Sing the Gloaming is a collaboration between Professor Simon Kirby and artists/musicians Tommy Perman and Rob St. John, taking its inspiration from Simon’s research in the University of Edinburgh’s Centre for Language Evolution.
It’s a project on light, language and landscape, created using experimental art and music. The latest iteration of the project is a 10″ vinyl record and print package out June 2020 via new Edinburgh-based record label Blackford Hill.
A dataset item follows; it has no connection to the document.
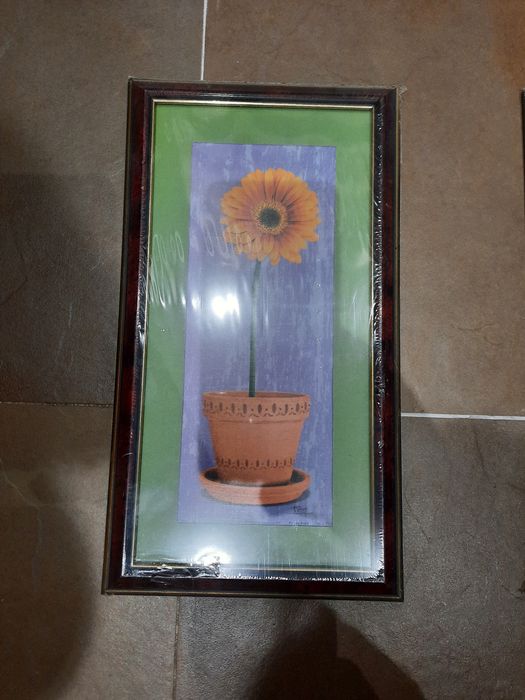 Quadros sobre plantas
The record features some of Scotland’s finest vocalists: Kenny Anderson, Nerea Bello, Aidan Moffat, Emily Scott, Su Shaw, Hanna Tuulikki and Andrew Wasylyk.
Each singer was asked to find a place where light moves, then record short new vocal pieces around particular ‘light words’ there, thinking about the qualities of the space they were in, and those of the words themselves when recording their pieces.
The ‘light words’ in Sing the Gloaming are phonaesthemes, words whose form seems to evoke their meaning directly. In the English language, there are many beginning with “gl” which relate to light, for example: glimmer, glitter, glow, gleam and gloom. These words have all evolved from a single word spoken over 5,000 years ago near the Black Sea. Their different forms and meanings bear the hallmarks of their individual routes through history, across languages and cultures to present-day English.
Once each singer had finished their recordings, they were passed onto the next singer, who in turn listened and improvised their own ‘light word’ piece. Melodies emerged and evolved in this process: mirroring the real-world evolution of the words themselves.
The resulting recordings were (re)composed using a series of innovative production techniques, using modular synthesisers, granular synthesis and convolution reverbs created directly from data on the use of the “gl” words in five million books published since 1500.
But for all its conceptual thinking and tinkering: the new record is a playful and joyous listen. The vocals wash in and out, creating new clusters of chords, melodies and rhythms, each singer collaborating with the next, their collective efforts coalescing like the words in language itself. Four additional pieces see Simon, Tommy and Rob develop the source material in creative and unexpected ways.